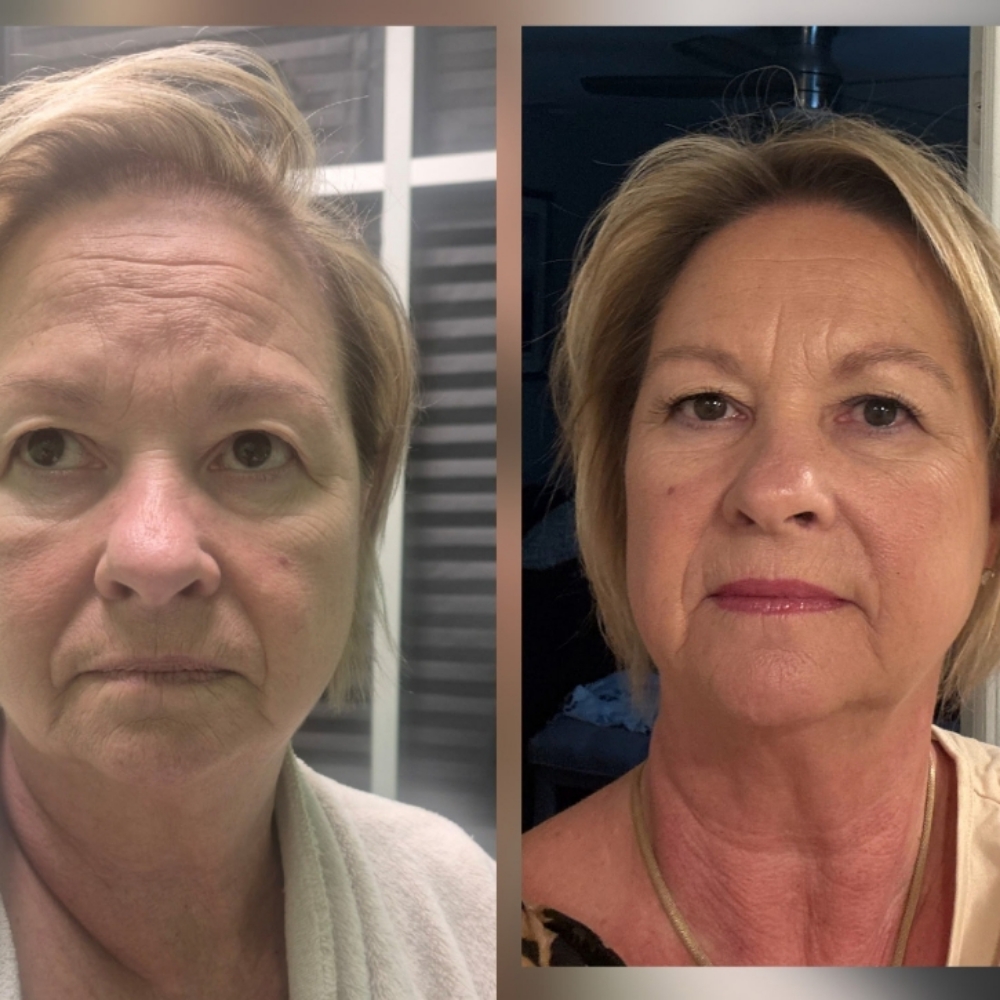First-Time Client Special: $125 at JUST BEAUTIFUL SKIN in Goose Creek, SC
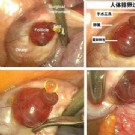 医生首次拍到人类排卵照片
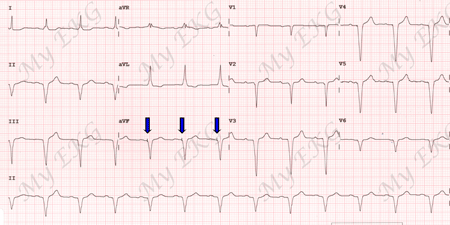 EKG con Estimulación Ventricular por Marcapasos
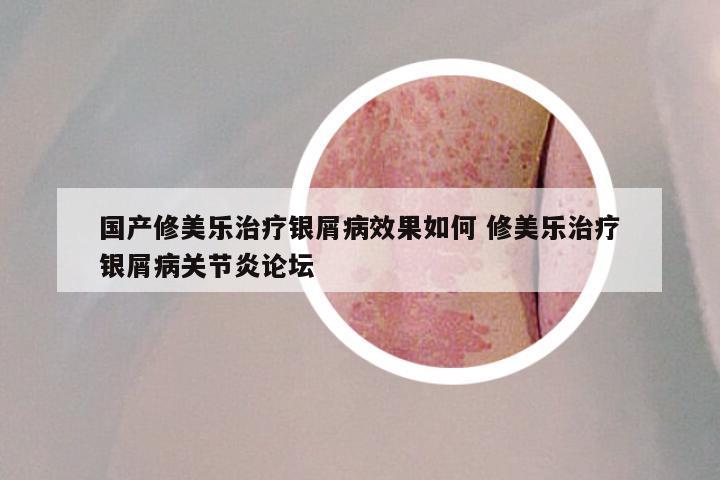 国产修美乐治疗银屑病效果如何 修美乐治疗银屑病关节炎论坛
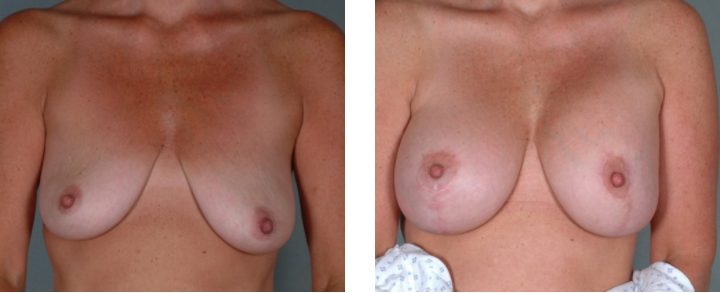 Before and After Photos of a Breast Augmentation with Breast Lift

REQUIREMENT:
All lines from the one containing "EKG con Estimulación" through the final line of the entries above must be restated word for word, pictures excluded.

OUTPUT BELOW:
 EKG con Estimulación Ventricular por Marcapasos
 国产修美乐治疗银屑病效果如何 修美乐治疗银屑病关节炎论坛
 Before and After Photos of a Breast Augmentation with Breast Lift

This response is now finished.